Jeffery Herman, attorney for the plaintiffs in the civil cases against Rabbi Yehuda Kolko and Yeshiva Torah Temimah, was on Zev Brenner’s radio show tonight. Herman noted that one basis for the lawsuits was "fraudulent concealment" by Torah Temimah and others to protect Kolko and the yeshiva. He later noted that concealment was as bad as the worst of what he saw in the Catholic Church. But, Herman noted, it isn’t the same, because there is not a central authority like a diocese pulling the strings.
I’m not so sure. If you look at this timetable of Kolko’s crimes, you’ll note several coverups. You’ll also note many figures involved in these coverups play(ed) national roles with both Agudath Israel of America and Torah Umesorah. I think both can and should be targets of civil suits, and I don’t see why criminal charges cannot be brought against their leaders, as well.

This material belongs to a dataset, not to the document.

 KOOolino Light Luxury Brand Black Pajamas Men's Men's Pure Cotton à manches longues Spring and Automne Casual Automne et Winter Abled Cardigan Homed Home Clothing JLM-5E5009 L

If you know a man is accused of abuse, not once but many times, and you let him alone with children nonetheless, that should reach the bar of criminal negligence. For example, when Rabbi Elya Svei allegedly refused to deal with Kolko’s abuse, he was the senior rabbinic figure in Agudah and in Torah Umesora, and made his decision for Torah Umesorah, the organization of haredi day schools and yeshivot. How much more central can you get?
The policy Rabbi Svei set down – which, it is alleged, was meant to protect TU and Agudah from lawsuits – endangered children. Some of those endangered children were later abused by Kolko, including a 6 year old boy in 2003. This is like an ongoing criminal conspiracy and, as such, should not be covered under the statute of limitations.
Can the gedolim be charged? I hope they both can be and are.